Lettre 161 Israël face à un changement de régime politique

 Ne jetons pas le bébé avec l'eau du bain!

Israël, seule démocratie du Moyen-Orient est mise durement à l'épreuve. Mais les grands principes fondateurs qui ont présidé à la création de l'Etat sont inscrits dans le marbre. Le peuple juif s'est battu contre l'adversité pour faire revivre cette nation, refuge contre les persécutions.

Après avoir fait refleurir le désert, développé l'économie jusqu'à devenir la "Start up nation" puis  fournisseur d'énergie, est venu le temps de la crise de conscience. De la crise tout court!

Reprendre son souffle et décider du chemin à prendre dans un pays qui n'a connu que la guerre sans pouvoir prendre le temps d'une respiration spirituelle.

Et voilà qu'Israël se trouve à la croisée des chemins dans une équation politique infiniment complexe.

Cette jeune vieille nation a poussé sans tuteur. Il a fallu improviser à chaque instant, et faire face aux périls existentiels sans jamais perdre son âme afin demeurer dans le concert des nations civilisées.


Ben Gourion aux côtés de Golda

L'exercice demande une certaine force morale et mentale.

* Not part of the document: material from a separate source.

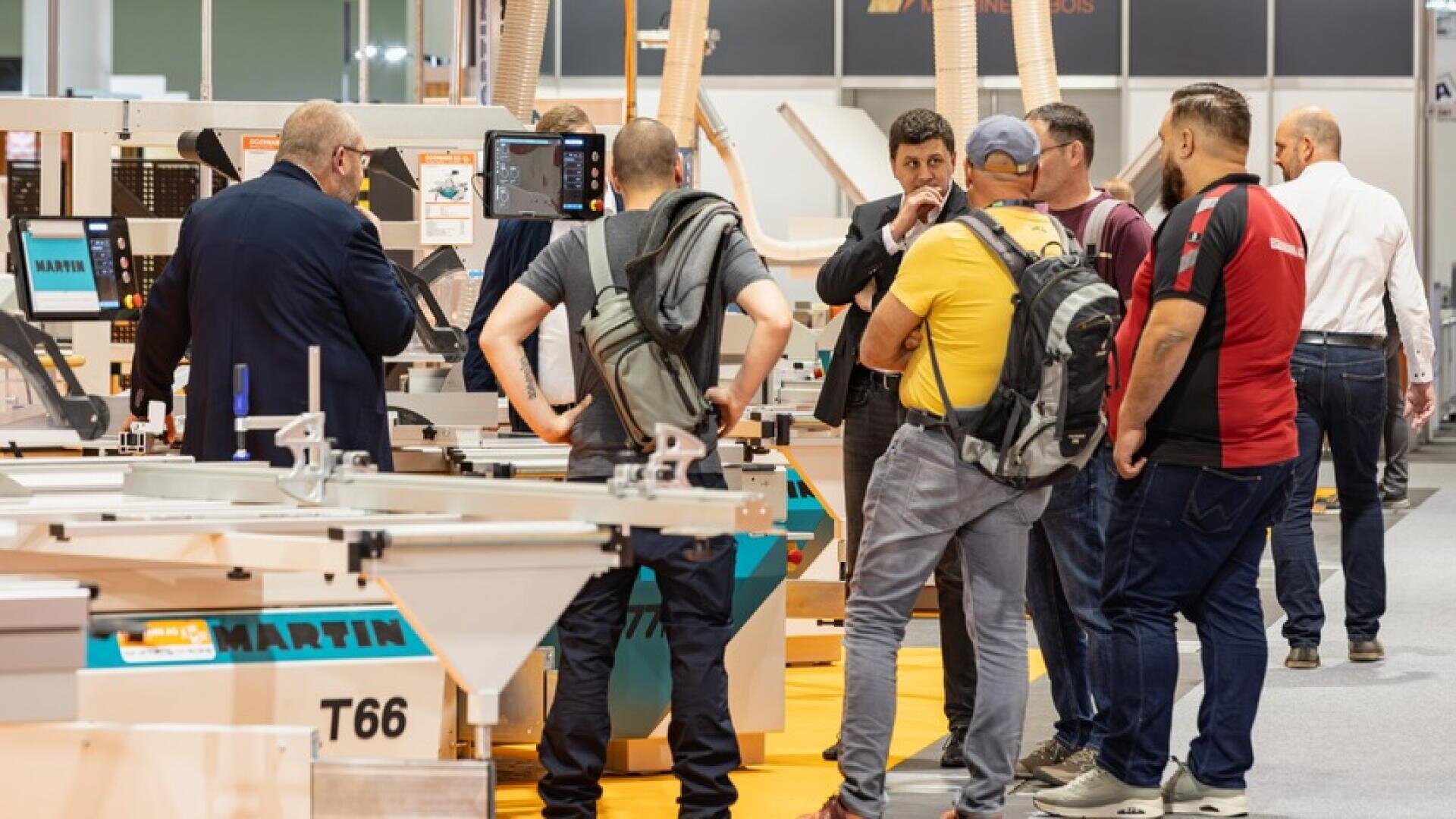 Un groupe d'hommes se tient autour d'une machine à travailler le bois lors d'une exposition et discute. Certains portent des sacs à dos, et divers équipements et écrans sont visibles à l'arrière-plan.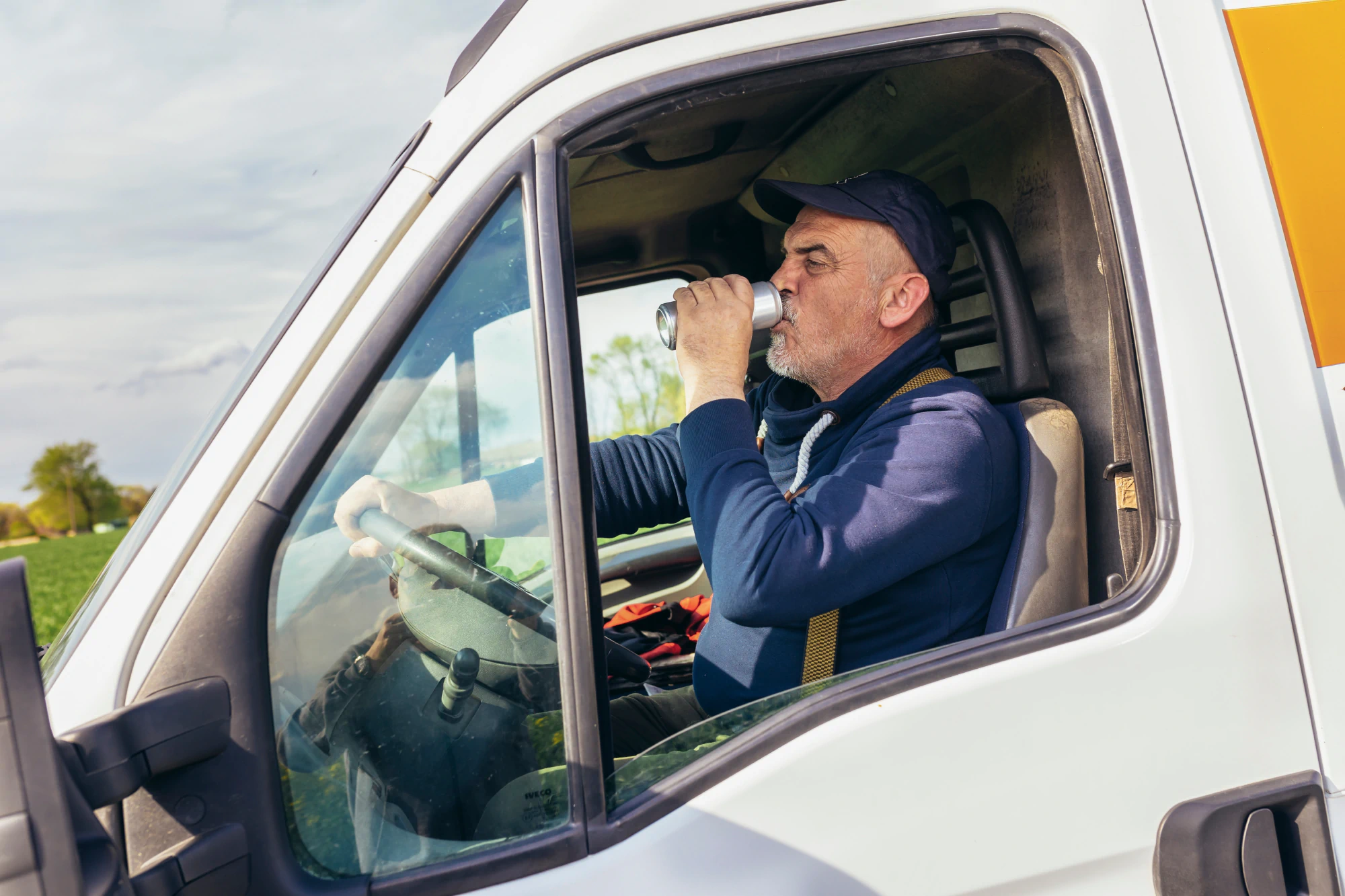 Older truck driver drinks beer behind the wheel of his box truck.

David Ben Gourion, Golda Meir, Menahem Begin, Yitzhak Rabin ont tracé la voie et ce ne sont pas les chemins de traverses empruntés par Netanyahu qui vont égarer le peuple du livre.

Si ce peuple a un destin, il ne converge certainement pas vers le fascisme. 

Mais qui ne serait pas tenté après tant de vicissitudes de se laisser aller à la facilité d'une justice, d'une presse, d'une junte aux mains déliées du pouvoir.

Mais l'opposition populaire est dans la rue et a choisi comme symbole le drapeau blanc-bleu frappé de l'étoile de David.

Manifestants au centre de Tel-Aviv

Et il chante la chanson populaire "Je n'ai pas d'autre pays" rappelant ainsi le sens de son combat.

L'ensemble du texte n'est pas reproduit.